Why we claim this? What is the necessity to proving this claim? Is there anything special for this claim?
Can anybody explain it a bit more?
Still one more question: How $(P_1 \circ \gamma)(t_0)=0$ in the last line?
Added: Here's the more detailed expansion of the deleted comb space and its figure:
Here $D$ is same as $C_0$ in our proposition
Best Answer
I will answer your questions in a second, but here is what's going on in the proof. If there were a continuous path from $0\times 1$ to $1\times 0$, then the path must "leave" the point $0\times 1$ at some point $t_0$. The question becomes: where does the path go right after $t_0$? Well, it can't really go anywhere, and that's the whole point.

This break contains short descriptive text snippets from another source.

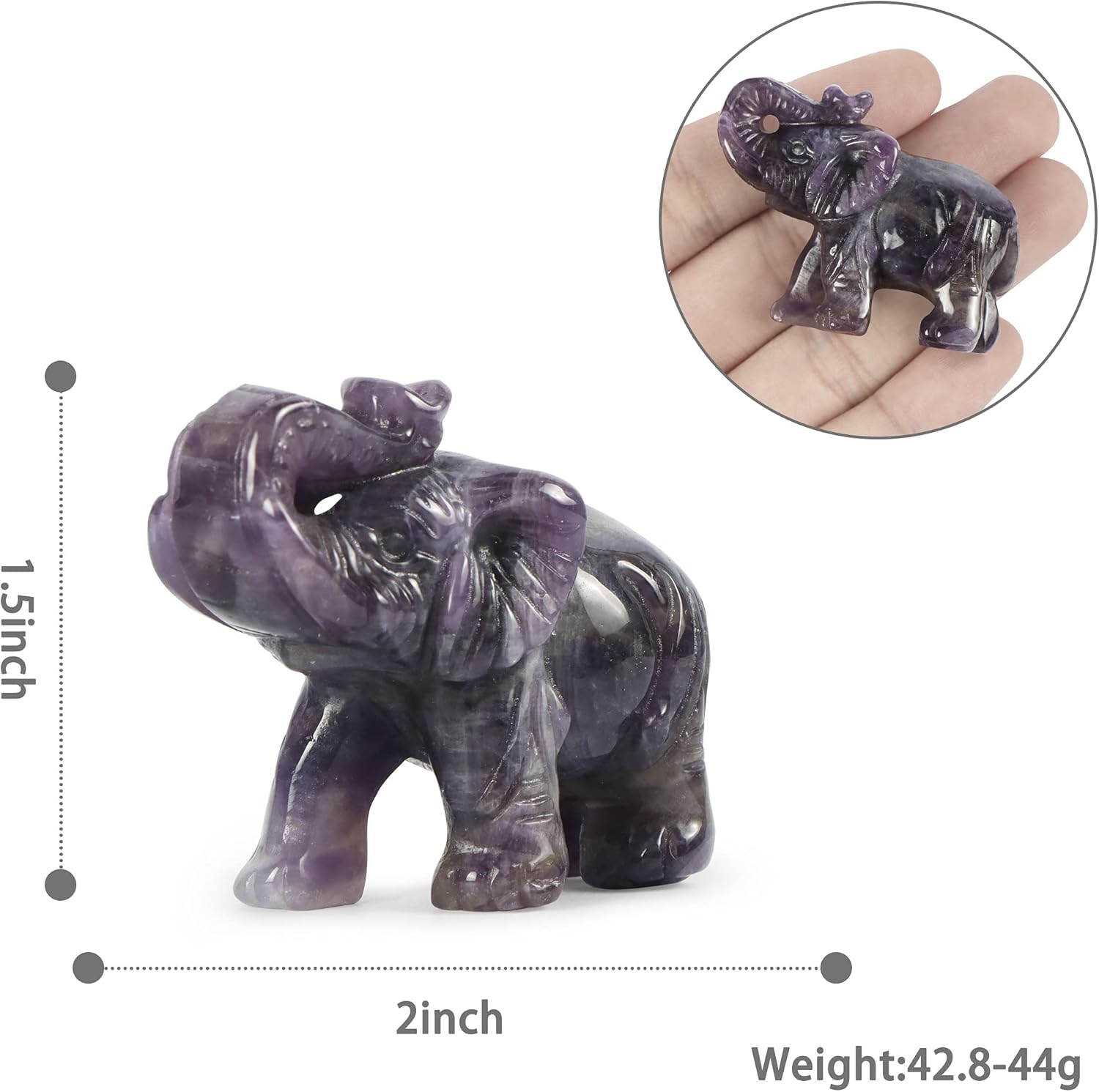 SMQ 2.0" Amethyst Crystal Elephant Decor Figurines Gifts for Women Carved Cute Polished Gems Healing Purple Sculpture Statue Stones Home Room Desk Decoration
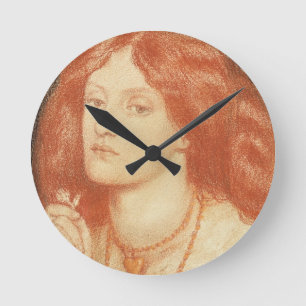 Portrait of Elizabeth Siddal (1834-62), 1860 (red Round Clock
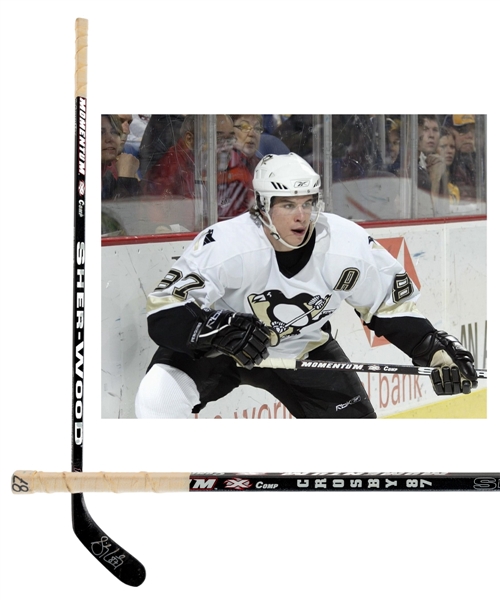 Sidney Crosbys 2005-07 Pittsburgh Penguins Signed Sher-Wood Momentum Rookie Era Game-Issued Stick with LOA (Lou Nolan Collection)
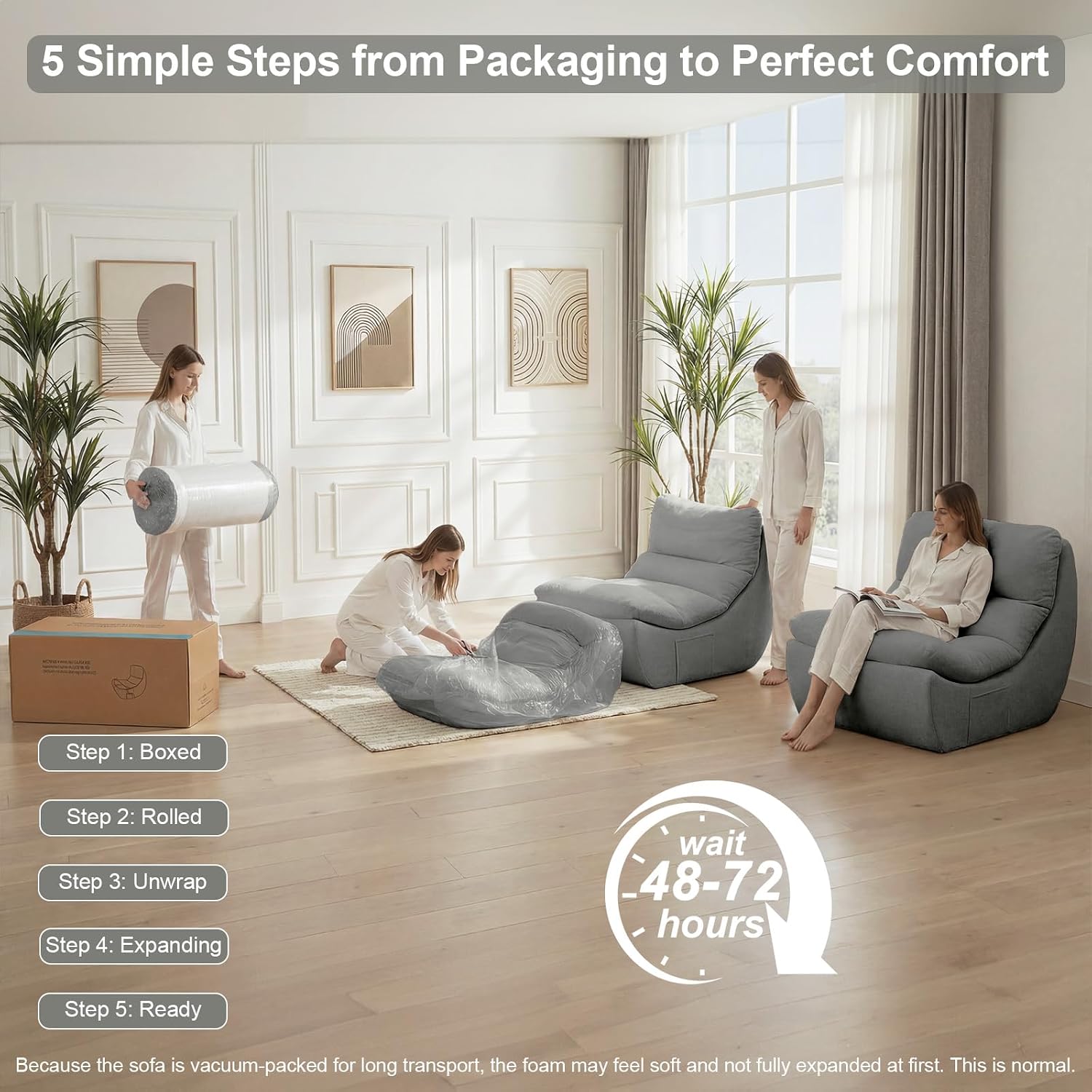 Set of 2 Giant Bean Bag Chairs for Adults, Boneless Lounge Chair, Togo Sofa, Fireside Chair, Anti Cat Scratch Fabric with Machine Washable, Single Sofa for Bedroom, Living Room, Reading Corner (Grey)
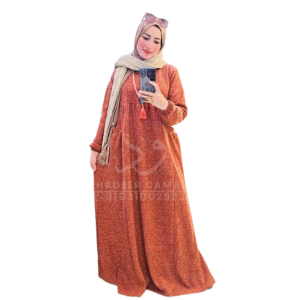 فستان شتوي ريب مضلع-طوبي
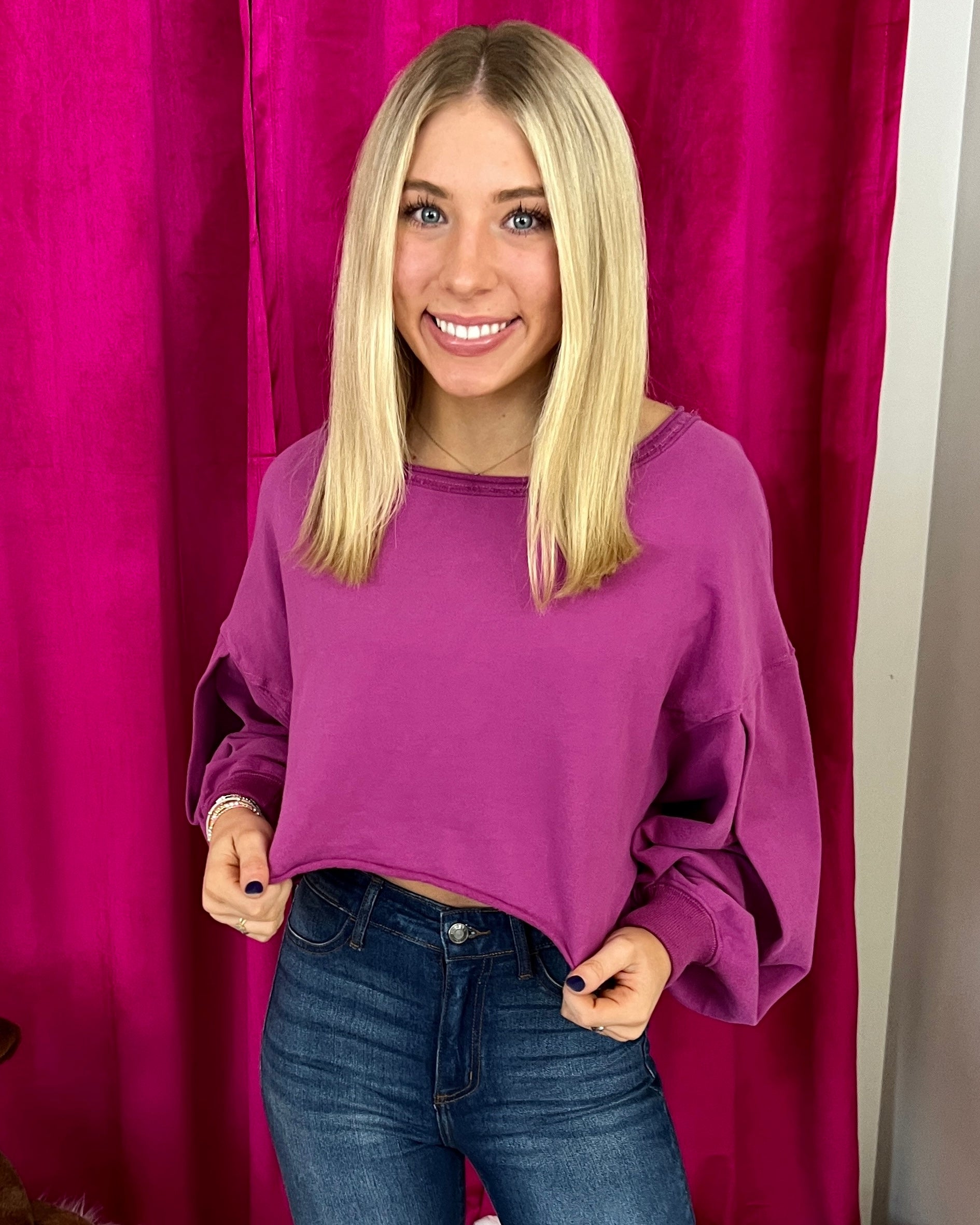 Cool Touch Purple Cropped Sweatshirt-Shop-Womens-Boutique-Clothing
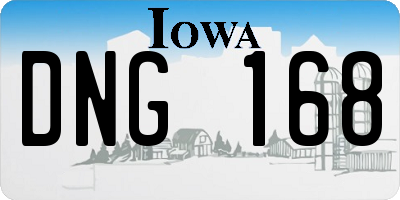 IA license plate DNG168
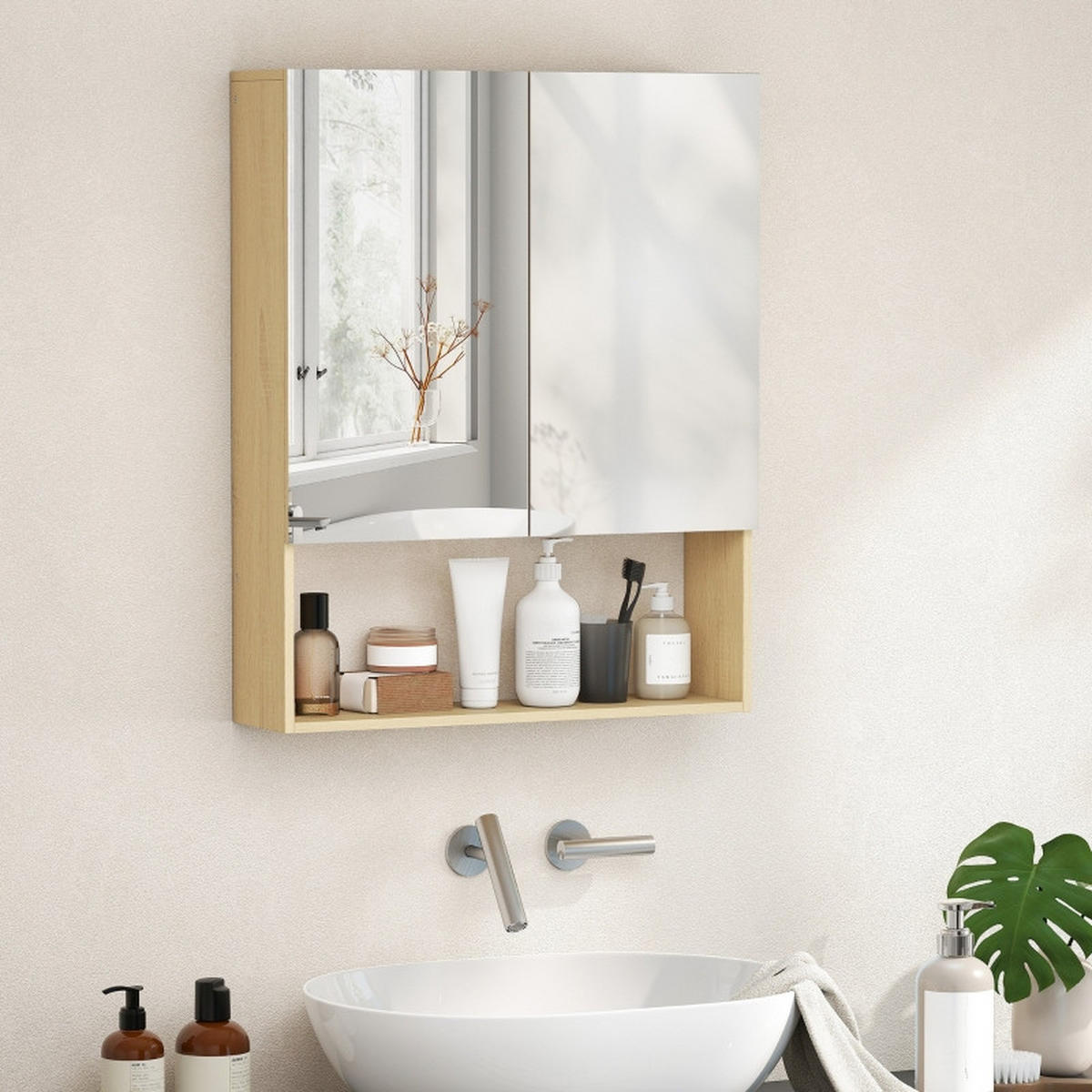 BADEZIMMER Hängeschrank 60x16.6x75 cm Eiche mit Doppelspiegel & verstellbarem Regal - Eichefarben, Glas (60/75/16.6cm) - Modfu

Your first question of "why do we prove this claim"? You would know the answer to this question if you understood the rest of the proof, so I'll try explaining the rest of the proof.
Look at the set $(P_1\circ \gamma)(t_0,t_1)$. According to the claim, it is a subset of $K$. Since $(t_0,t_1)$ is a connected interval and $P_1\circ\gamma$ is a continuous function, $(P_1\circ \gamma)(t_0,t_1)$ is a connected subset of $K$. But then it must be a singleton. This is a huge deal. What it's telling us is that $\gamma(t)$ has the same $x$-coordinate for $t \in (t_0,t_1)$, i.e. that right after we "leave" the point $0\times 1$, we get stuck at some vertical line with $x$-coordinate some point of $K$. And this is of course a contradiction since at $t_0$, $\gamma$ is at $0\times 1$, so $\gamma$ clearly cannot be continuous. [We took $t_0$ to be the maximum of $\gamma^{-1}(\{p\})$ because this is the first time $\gamma$ "leaves" $0\times 1$].
Finally, "How is $(P_1\circ \gamma)(t_0) = 0$?". $\gamma(t_0) = 0\times 1$ by definition of $t_0$. So, $(P_1\circ \gamma)(t_0) = 0$.